Grassroots Philanthropy: Field Notes of a Maverick Grantmaker

Bill Somerville with Fred Setterberg, Berkeley, Ca.: Heyday Books isbn 978-1-59714-084-3

Just Another Emperor? The Myths and Realities of Philanthrocapitalism

Michael Edwards, New York, N.Y.: Demos: A Network for Ideas & Action and The Young Foundation

(web publication:

isbn 978-0-9816151-1-0

Giving, especially big giving, is being celebrated, scrutinized, discussed, and increasingly studied as never before. The emergence of enormous new fortunes and, in many cases, a desire on the part of entrepreneurs to contribute to the public interest not just some of the proceeds but also the skills and mindset that created their enterprises has raised philanthropy’s profile, particularly in the United States.
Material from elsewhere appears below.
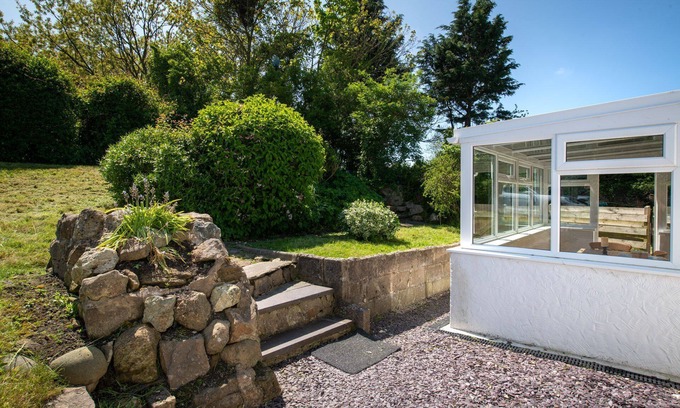 Malltraeth House | Ty Capel Bach: 3‑Bed Bungalow Sleeping 6 in Hermon | Managed by Anglesey Holiday Lettings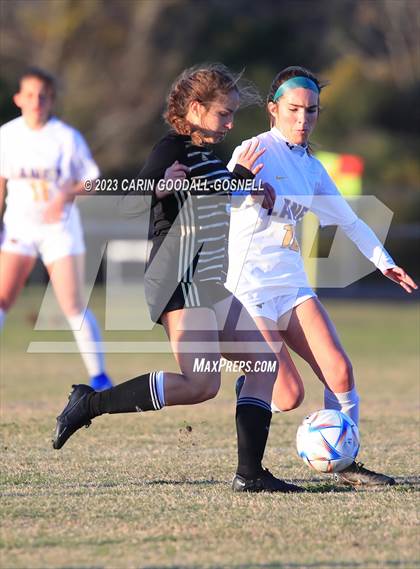 Thumbnail 3 in Laney @ Croatan photogallery.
The proliferation of foundations has created a class of grantmaking professionals, while around them has arisen a small industry of consultants, academics, service providers, and commentators. These factors, together with philanthropy’s ever-increasing scale and ambition, have provoked a series of books recently ranging from broad critiques of the implications of large-scale private wealth applied to fundamentally public processes to how-to manuals for grantmakers.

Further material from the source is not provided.